Scott Peterson Files Appeal Of Death Sentence From San Quentin
SAN FRANCISCO (CBS/AP) — Scott Peterson on Thursday filed the automatic appeal of his 2004 death sentence to the California Supreme Court, maintaining as he always has that he had nothing to do with the murders of his wife Laci and unborn son Connor.
Peterson’s attorney, noted death penalty lawyer Cliff Gardner, filed the 423-page document eight years after a San Mateo County jury found the former fertilizer salesman guilty of suffocating Laci and dumping her in the San Francisco Bay on Christmas Eve 2002.
Peterson has always maintained his innocence and his appeal to the Supreme Court is no different. Gardner claims that the overwhelming publicity Peterson’s trial received, incorrect evidentiary rulings and other mistakes deprived him of a fair trial. Peterson was convicted in 2004 after a trial that his attorney argues surpassed the O.J. Simpson murder trial in terms of publicity.
Peterson claims that Laci was killed sometime after he left their Modesto home the morning of Dec. 24, 2002 to go fishing in the San Francisco Bay. Gardner notes that Peterson was convicted and sentenced to death even though investigators never directly proving “how, where or when” the murder occurred.

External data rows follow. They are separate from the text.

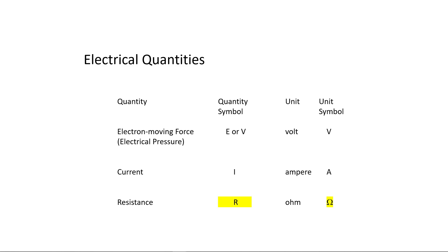If you're interested, the convention for units named after someone is to write the unit name in lowercase and use the uppercase first letter of their name for the symbol.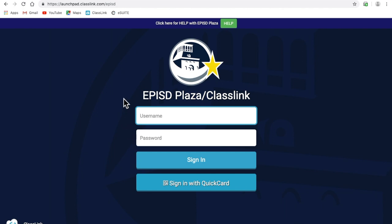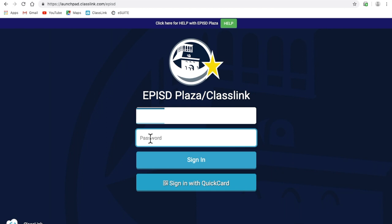In order to sign into Schoology for the first time, head to the EPISD plaza or class link. Type in your username without @episd.org and your password and then click sign in.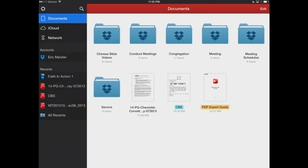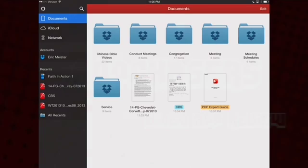We're very pleased with what Readle's been able to do with PDF Expert 5. We can't wait to see what they do in the future, and we think you should really take a look at this outstanding app.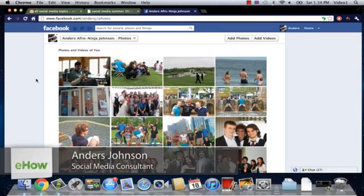Hey everyone, this is Anders and today we're going to be talking about changing the order of your tagged photos on Facebook.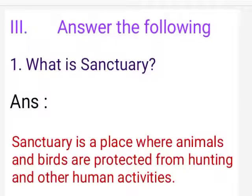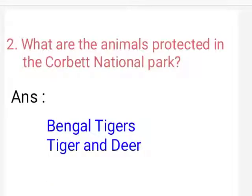Answer the following. First, define sanctuary. Answer: A sanctuary is a place where animals and birds are protected from hunting and other human activities. Second, what are the animals protected in Corbett National Park? Answer: Bengal tigers and spotted deer. Thank you.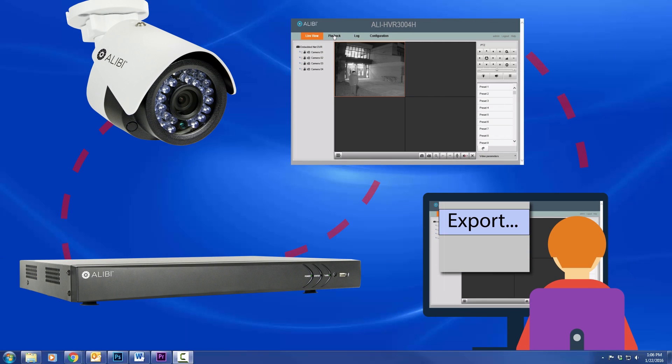In this example, we are going to log into an HVR remotely and download a video clip from one of the cameras.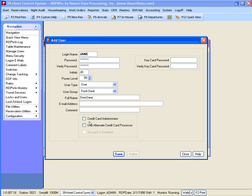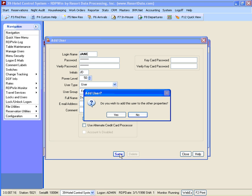Once complete, click the save button. And to add the user to other properties, click yes.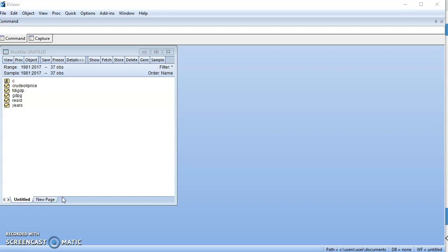When do we need to conduct a cointegration test? There are two circumstances. Number one is when your series are not stationary — that is, you have I(1) series all through the model. Number two is when your series are of mixed order of integration, meaning you have both I(0) and I(1) in the same model. In those two cases, there is a need to conduct a cointegration test.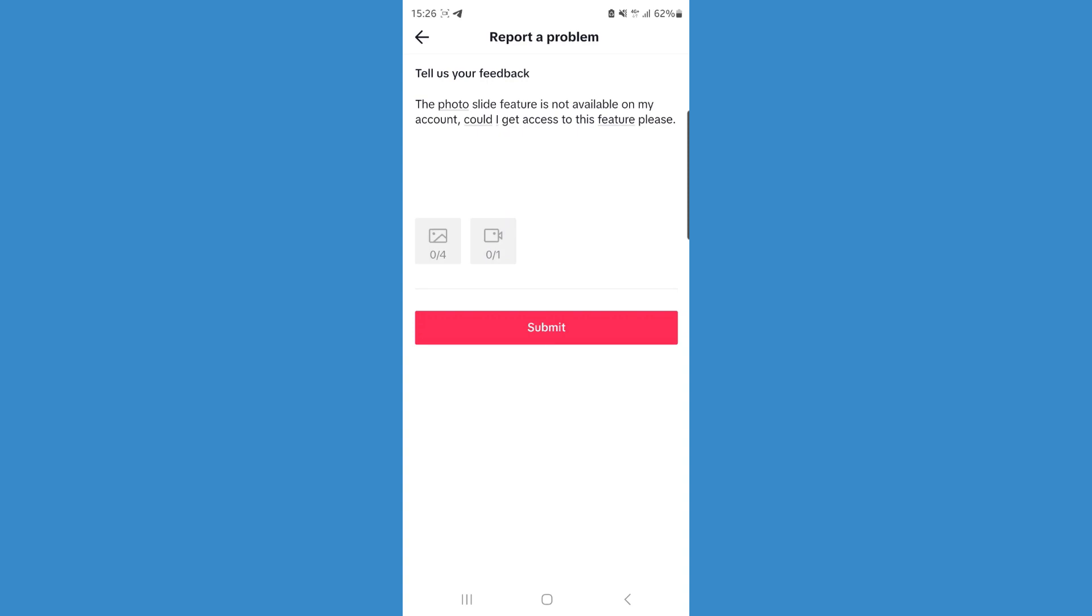Once you do this, click on Submit. Once you click on Submit, that will be sent over to TikTok. They will look into your problem and then get back to you via email. So it's just that simple to fix the photo slide not working.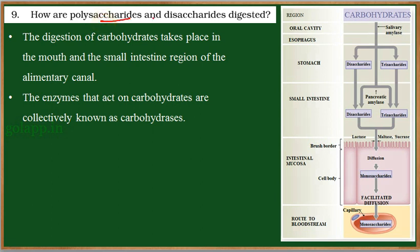How are polysaccharides and disaccharides digested? The digestion of polysaccharides and disaccharides — together they are carbohydrates. The digestion of carbohydrates begins in the oral cavity.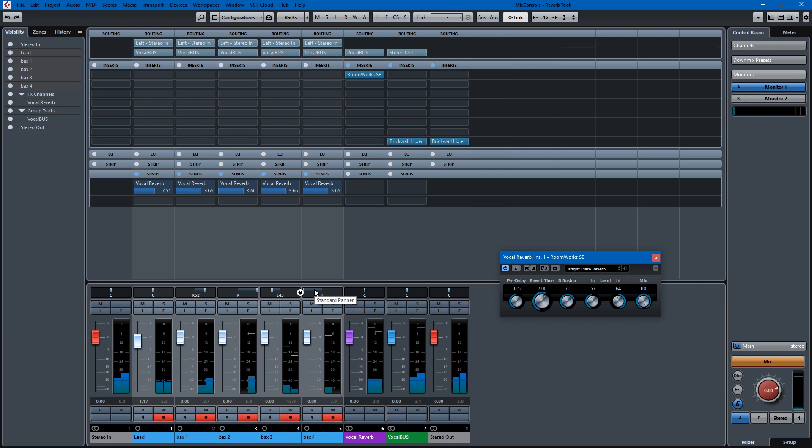That is your vocal reverb effects track tutorial. Effects tracks are good to limit the number of reverbs you're using within a project, because it's a time-based effect, and it does eat up the processor, especially if you're running with big projects. Also, it makes it sound like all the vocal tracks were recorded in the same room if you're using a convolution reverb, or even if you're using an algorithmic reverb, it unifies the reverb that are on your vocals. So I hope you found this tutorial helpful.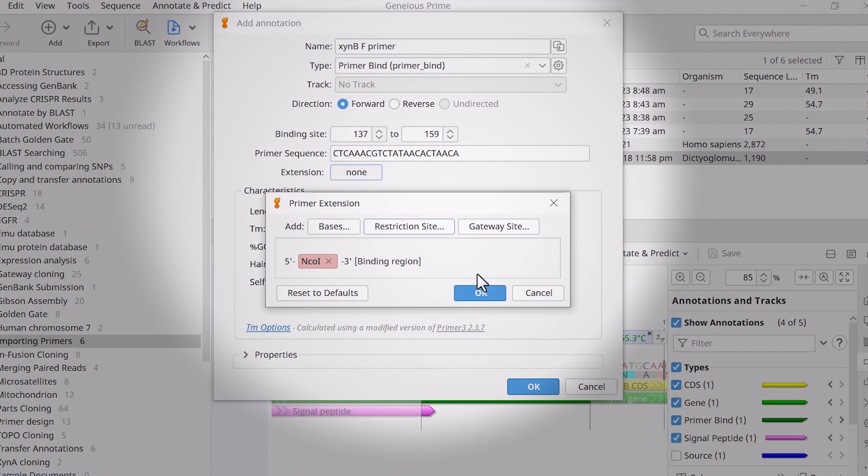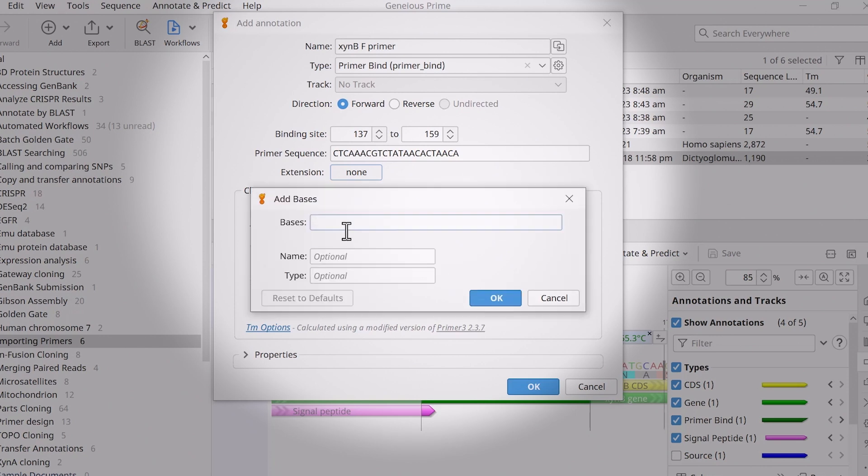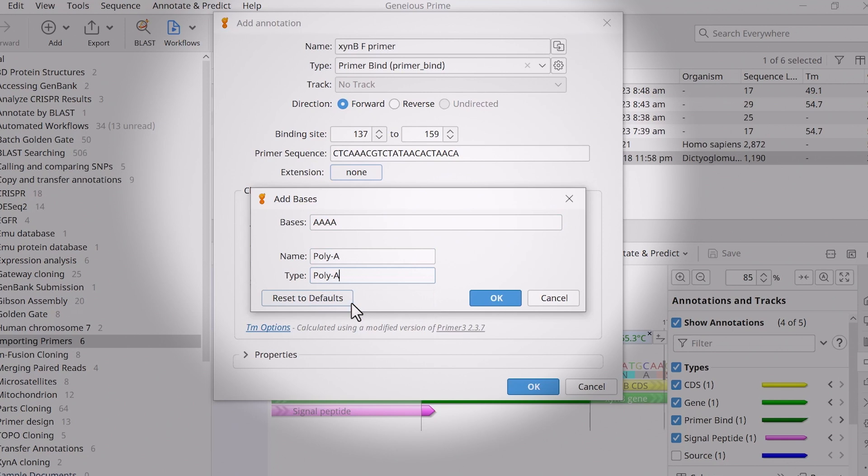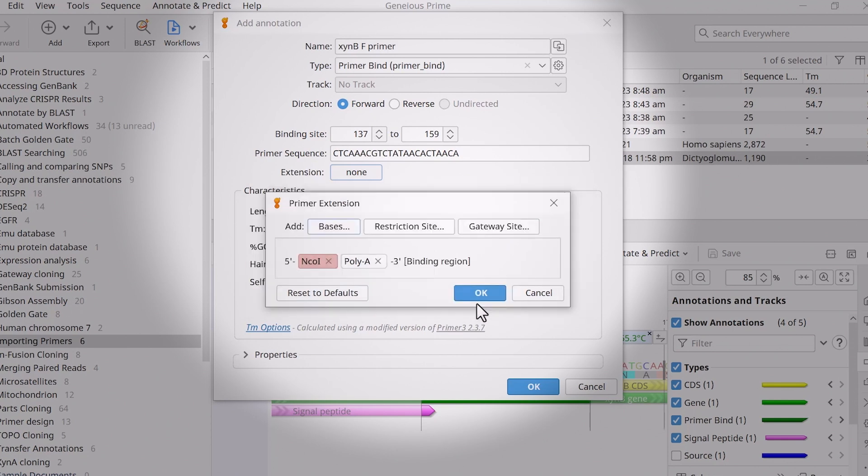If you want to add more extensions, repeat the process. This time, I'll add a custom sequence. Enter the desired bases into the Bases box and give the extension a suitable name and type. I'm adding a Poly A extension, so I will name this accordingly.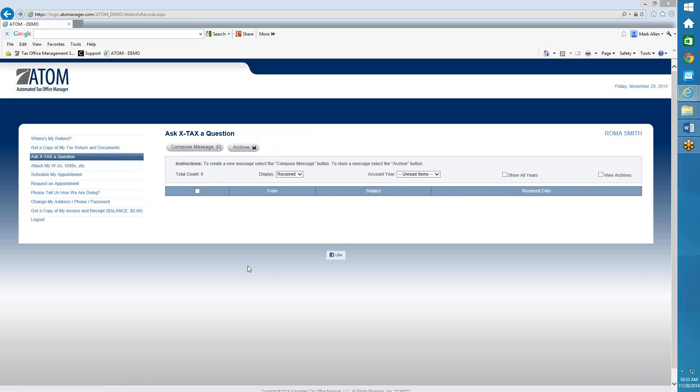That's all I have for the client portal and the user view, sending messages and also attaching documents to the client file. Thank you.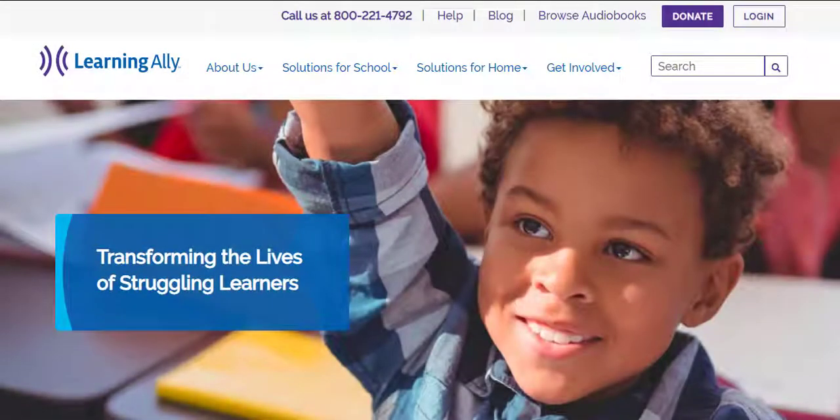Let's review how to create individual student accounts in the Learning Ally Educator Portal. Master Administrators, Administrators, and Instructors can create individual students in the Educator Portal.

Prosecutors told the jury that Laci was killed sometime between the night of Dec. 23, 2002 and the morning of Dec. 24, 2002. They believed Laci was suffocated in her home, but Gardner argues that there was little direct evidence collected at the house to support that theory.
Gardner argues that the intense publicity the case generated almost from the moment Laci disappeared deprived Peterson of a fair trial. The trial was ordered moved from Stanislaus County of the Petersons’ home, to San Mateo County. Gardner argued that the trial should have been moved yet again because of the crush of publicity in San Mateo County.
“Before hearing even a single witness, nearly half of all prospective jurors admitted they had already decided Mr. Peterson was guilty of capital murder,’ Gardner argues. And in what may be a first for the American system of justice, outside the courthouse in which the parties would try to select a fair jury, a radio station posted a large billboard which had a telephone number for people to call in and vote” whether Peterson was a “man or monster.” Peterson was pictured in an orange jailhouse jumpsuit.
“The publicity continued throughout trial,” Gardner argued. “A mob estimated at more than 1,000 people gathered at the courthouse to await the guilt phase verdict. After the guilty verdict was announced, the 12 jurors departing to await the beginning of the penalty phase—and decide whether Mr. Peterson would live or die—were met with wild applause and cheering.”
Beyond issues with the publicity, Gardner argues the judge made several erroneous evidentiary decisions and other rulings that led to Peterson receiving an unfair trial. Gardner complains the judge automatically excluded prospective jurors who said they opposed the death penalty. Gardner argued that those jurors should have been questioned more about whether they could still decide the case fairly.
Gardner also argues that some of the prosecution’s strongest evidence should never have been shown to the jury. For instance, Gardner alleges that the police dog who picked up Laci’s scent at the Berkeley Marina “even though the dog had a dismal record of being wrong a remarkable 66 percent of the time.”
The thick legal brief delves into numerous other issues alleging incorrect rulings, juror misconduct and other errors.
All death penalty cases are appealed to the California Supreme Court, which is struggling to keep up with the pace of cases. There are 725 inmates on Death Row and no prisoner has been executed in California since January 2006. Lawsuits in federal and state courts have temporarily halted executions.
The appeal is expected to take months, if not years, to be resolved.